• Work request
Quote, word for word, only the lines running from the line with "Versele Laga Sticks" through the end of the listing. Leave out the pictures.
Segment Open
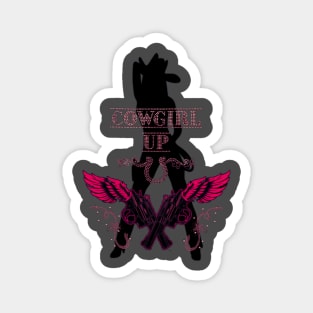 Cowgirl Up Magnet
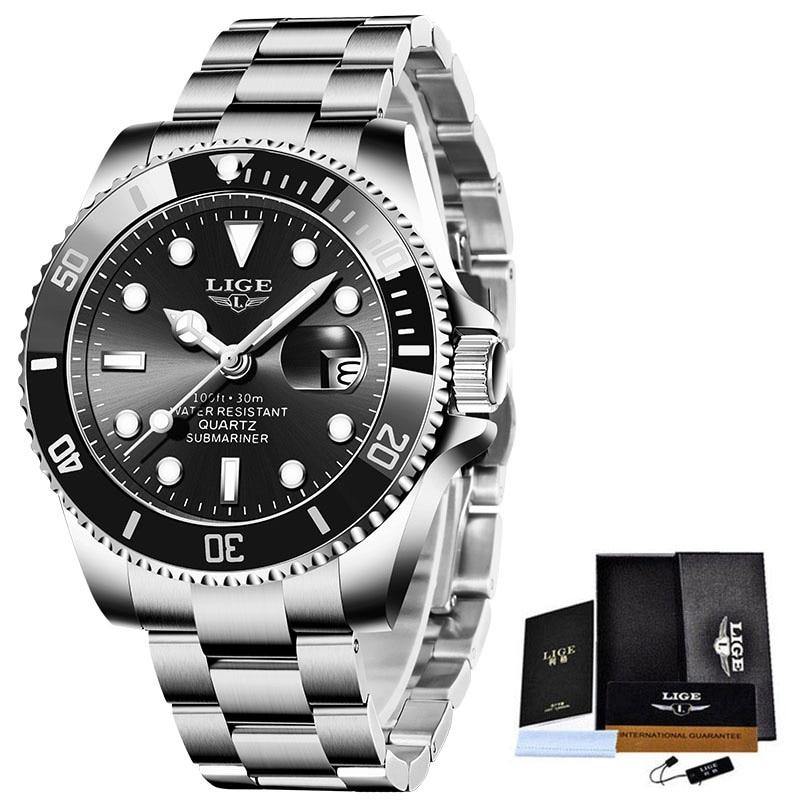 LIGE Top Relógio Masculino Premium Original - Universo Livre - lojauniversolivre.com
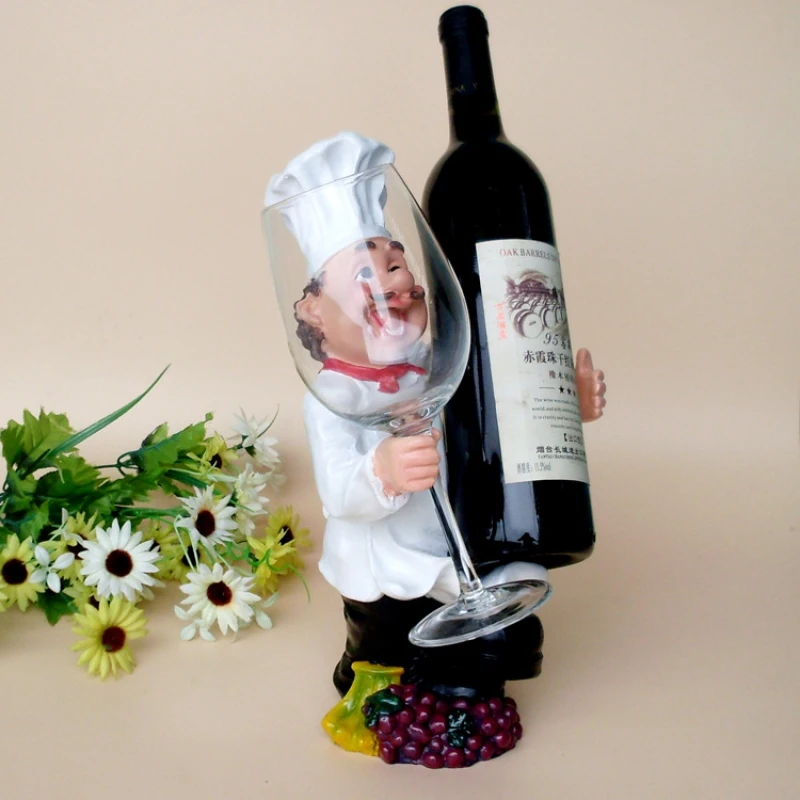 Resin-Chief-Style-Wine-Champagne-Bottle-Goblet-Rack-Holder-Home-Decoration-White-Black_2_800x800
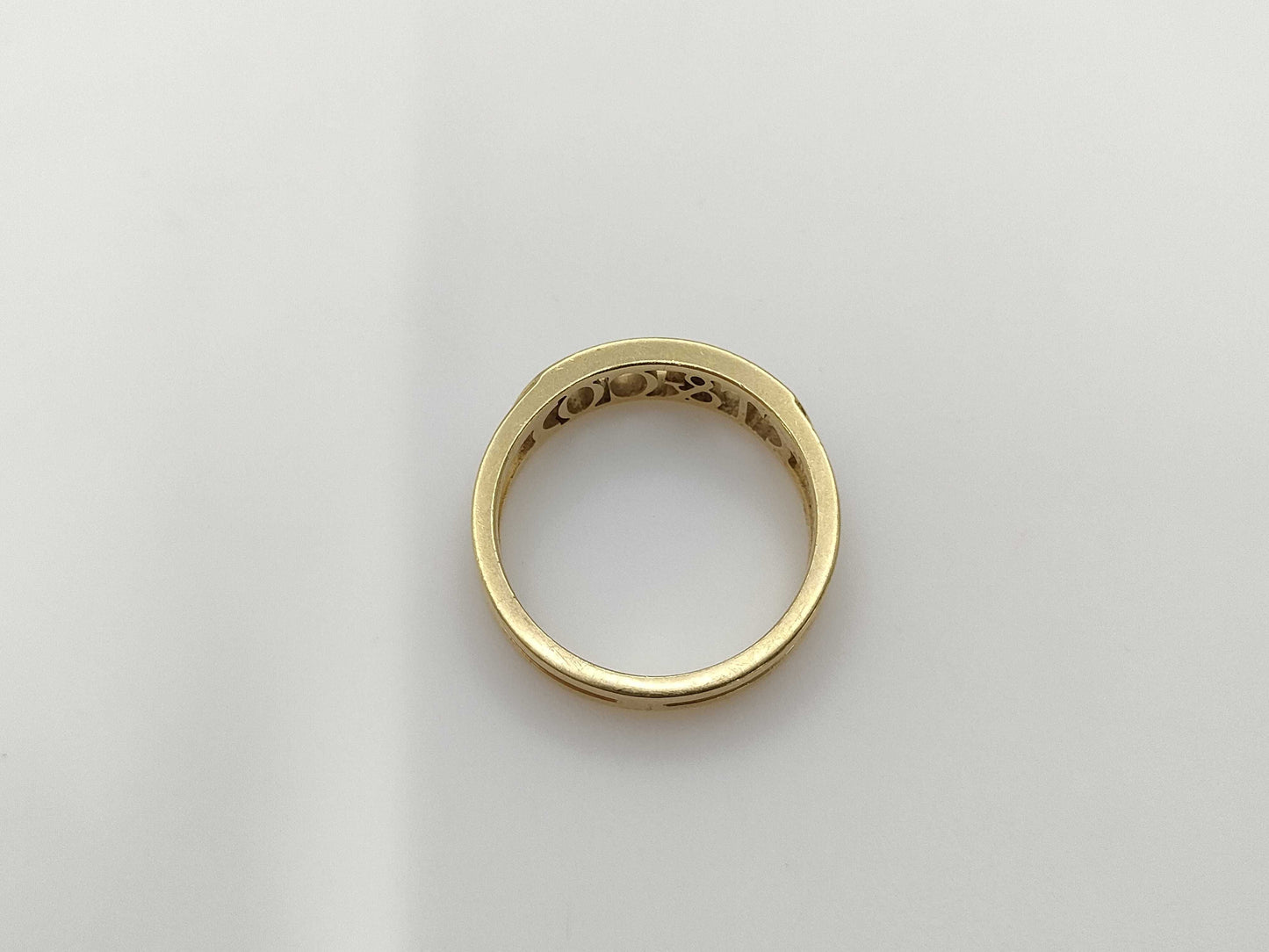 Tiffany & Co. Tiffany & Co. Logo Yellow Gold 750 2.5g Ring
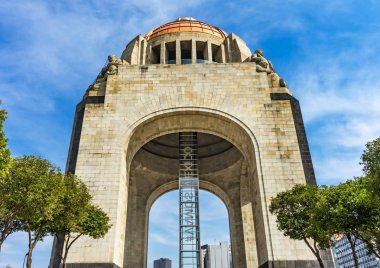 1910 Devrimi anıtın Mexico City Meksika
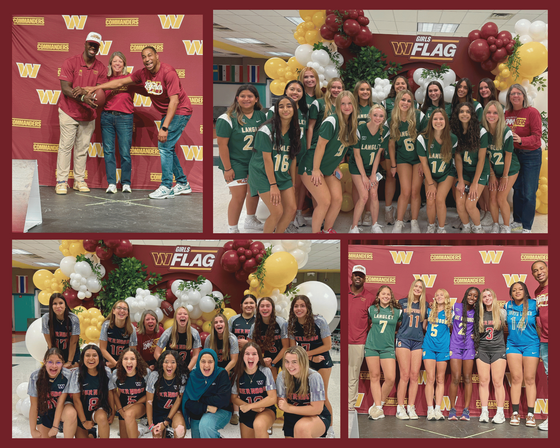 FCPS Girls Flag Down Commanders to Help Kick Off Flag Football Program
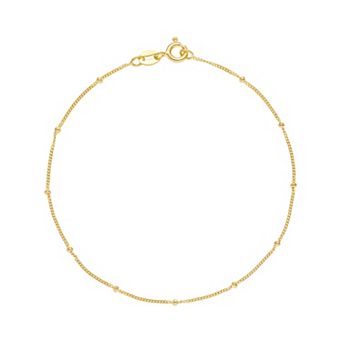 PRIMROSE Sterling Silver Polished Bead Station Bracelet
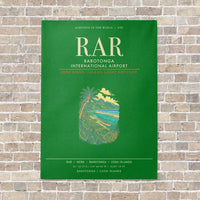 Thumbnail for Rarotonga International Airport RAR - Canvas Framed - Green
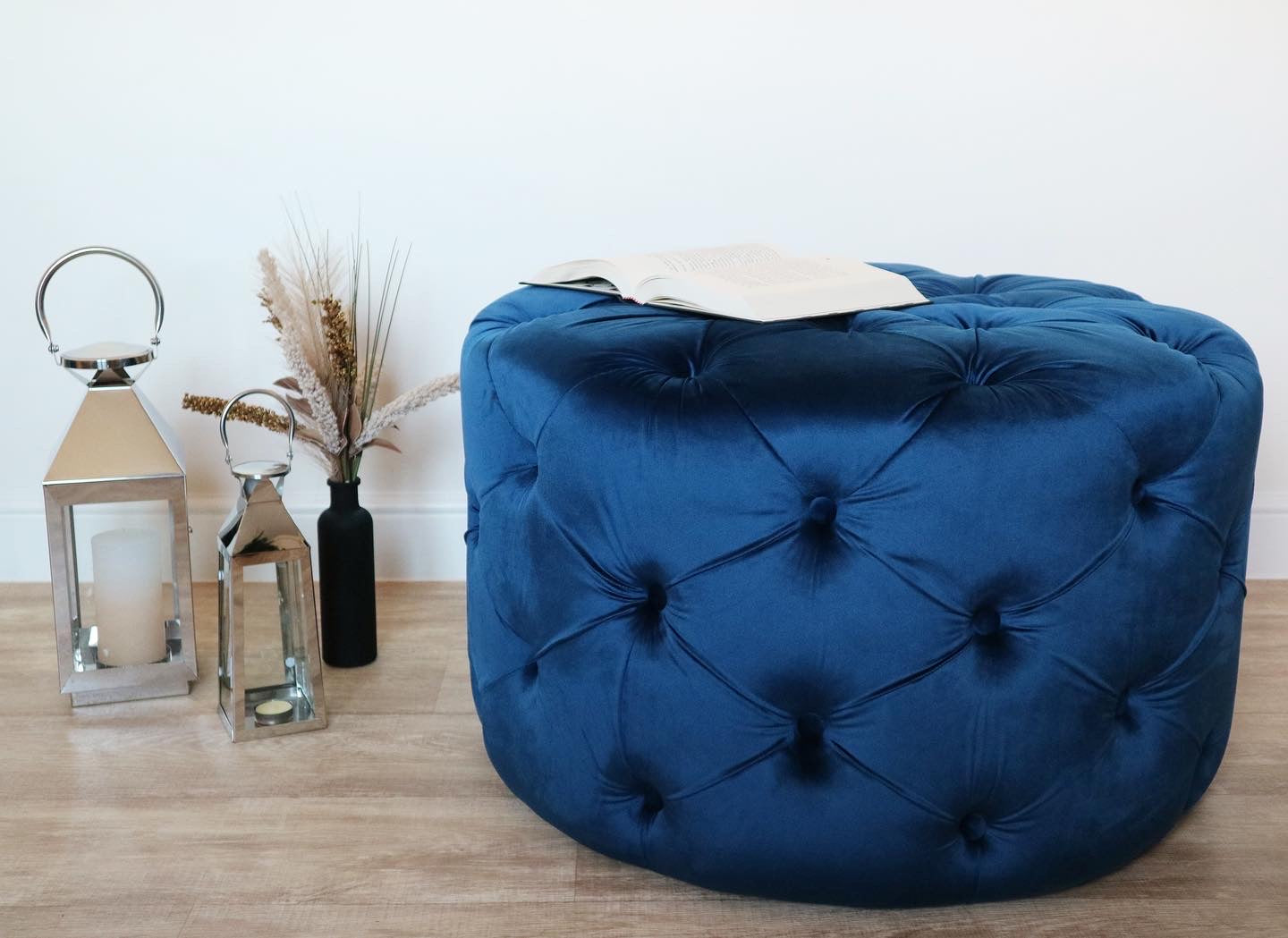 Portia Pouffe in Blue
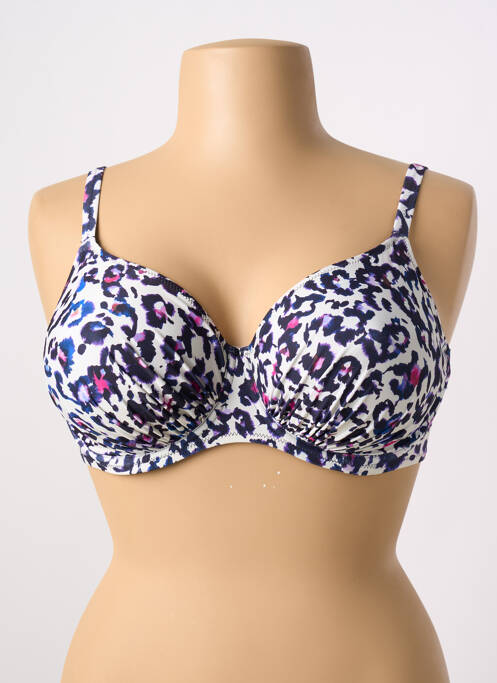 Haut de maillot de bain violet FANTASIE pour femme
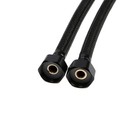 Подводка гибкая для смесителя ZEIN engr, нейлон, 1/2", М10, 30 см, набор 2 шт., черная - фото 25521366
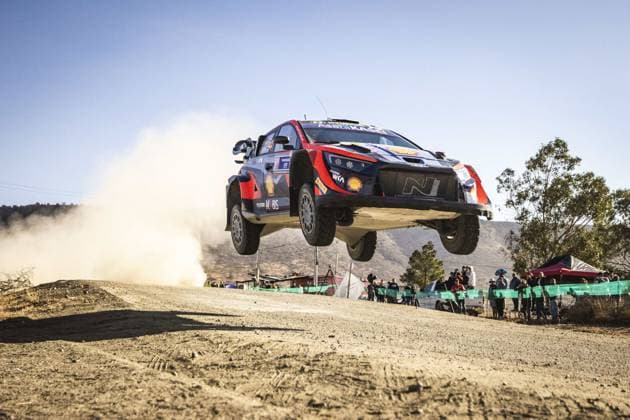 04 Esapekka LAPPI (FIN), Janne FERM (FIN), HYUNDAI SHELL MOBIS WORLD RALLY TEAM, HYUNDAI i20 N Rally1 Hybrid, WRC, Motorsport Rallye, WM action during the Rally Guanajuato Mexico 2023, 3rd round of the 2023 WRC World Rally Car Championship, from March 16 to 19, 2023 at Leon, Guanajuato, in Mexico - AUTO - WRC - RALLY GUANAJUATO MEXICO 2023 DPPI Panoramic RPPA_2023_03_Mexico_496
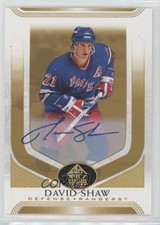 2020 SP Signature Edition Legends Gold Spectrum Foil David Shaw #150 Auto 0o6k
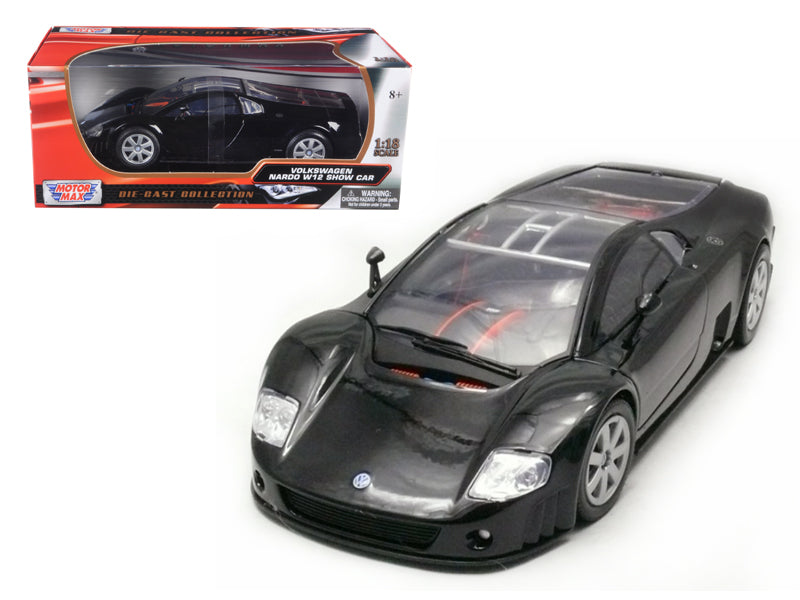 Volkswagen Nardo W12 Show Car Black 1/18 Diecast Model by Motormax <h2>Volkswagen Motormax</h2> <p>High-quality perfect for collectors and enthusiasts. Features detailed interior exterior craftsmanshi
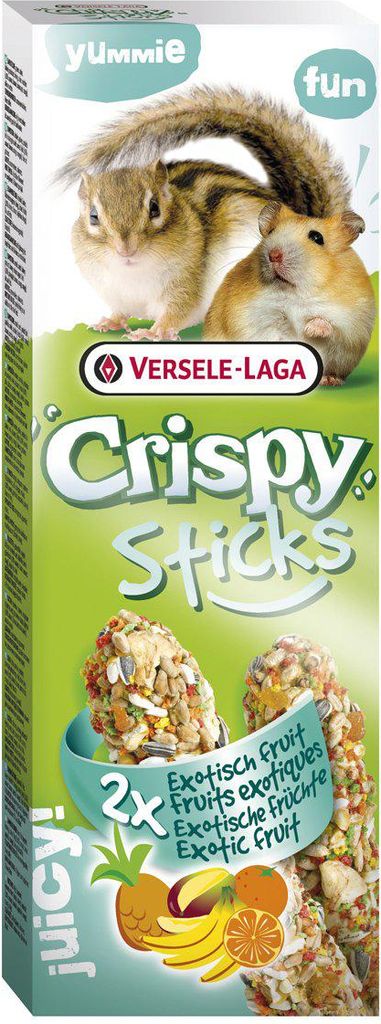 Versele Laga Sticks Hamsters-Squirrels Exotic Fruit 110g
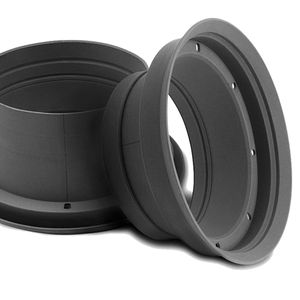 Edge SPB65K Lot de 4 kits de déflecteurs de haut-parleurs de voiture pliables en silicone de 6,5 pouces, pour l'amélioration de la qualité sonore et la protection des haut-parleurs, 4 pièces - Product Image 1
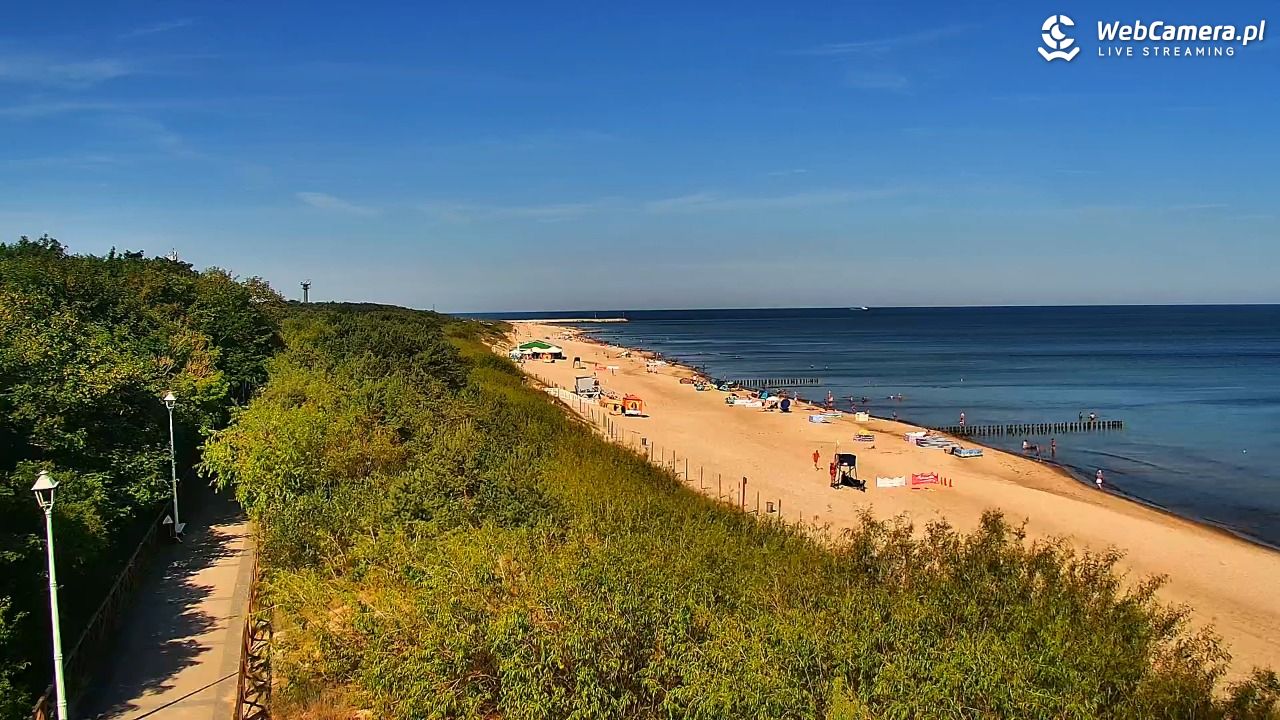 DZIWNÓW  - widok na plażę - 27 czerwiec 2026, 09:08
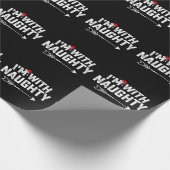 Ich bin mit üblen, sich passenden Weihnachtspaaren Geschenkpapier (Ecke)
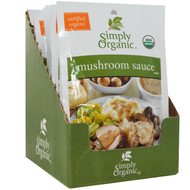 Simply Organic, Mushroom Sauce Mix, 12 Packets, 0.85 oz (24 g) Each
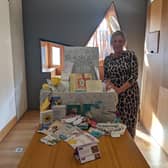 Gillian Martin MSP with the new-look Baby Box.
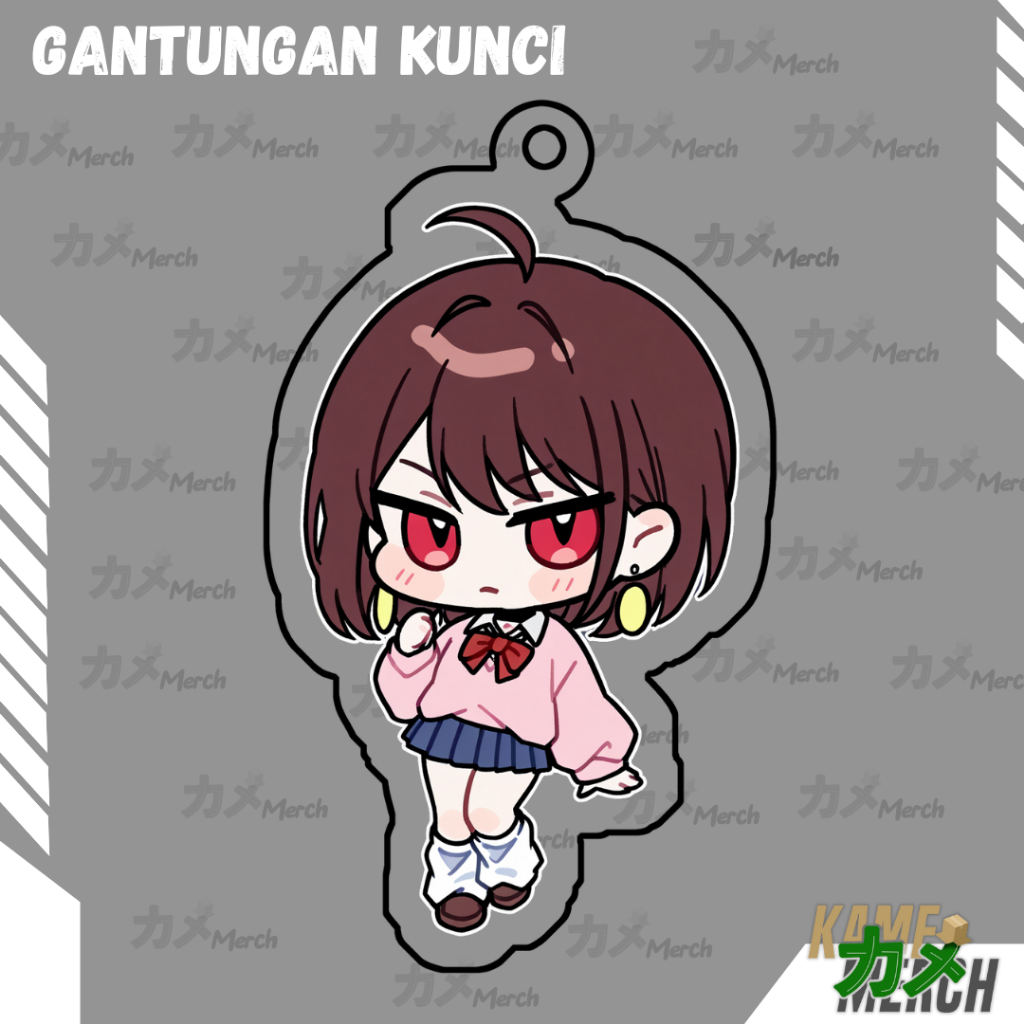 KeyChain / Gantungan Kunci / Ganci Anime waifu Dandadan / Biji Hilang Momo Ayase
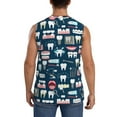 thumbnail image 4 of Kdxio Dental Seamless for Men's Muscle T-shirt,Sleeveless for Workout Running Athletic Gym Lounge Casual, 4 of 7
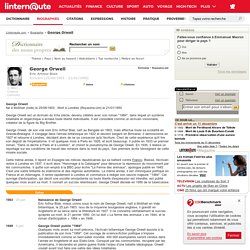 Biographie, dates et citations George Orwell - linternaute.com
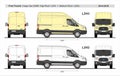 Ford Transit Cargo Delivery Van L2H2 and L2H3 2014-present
Segment Closed
• Solution for this exercise
 Versele Laga Sticks Hamsters-Squirrels Exotic Fruit 110g
 Edge SPB65K Lot de 4 kits de déflecteurs de haut-parleurs de voiture pliables en silicone de 6,5 pouces, pour l'amélioration de la qualité sonore et la protection des haut-parleurs, 4 pièces - Product Image 1
 DZIWNÓW  - widok na plażę - 27 czerwiec 2026, 09:08
 Ich bin mit üblen, sich passenden Weihnachtspaaren Geschenkpapier (Ecke)
 Simply Organic, Mushroom Sauce Mix, 12 Packets, 0.85 oz (24 g) Each
 Gillian Martin MSP with the new-look Baby Box.
 KeyChain / Gantungan Kunci / Ganci Anime waifu Dandadan / Biji Hilang Momo Ayase
 thumbnail image 4 of Kdxio Dental Seamless for Men's Muscle T-shirt,Sleeveless for Workout Running Athletic Gym Lounge Casual, 4 of 7
 Biographie, dates et citations George Orwell - linternaute.com
 Ford Transit Cargo Delivery Van L2H2 and L2H3 2014-present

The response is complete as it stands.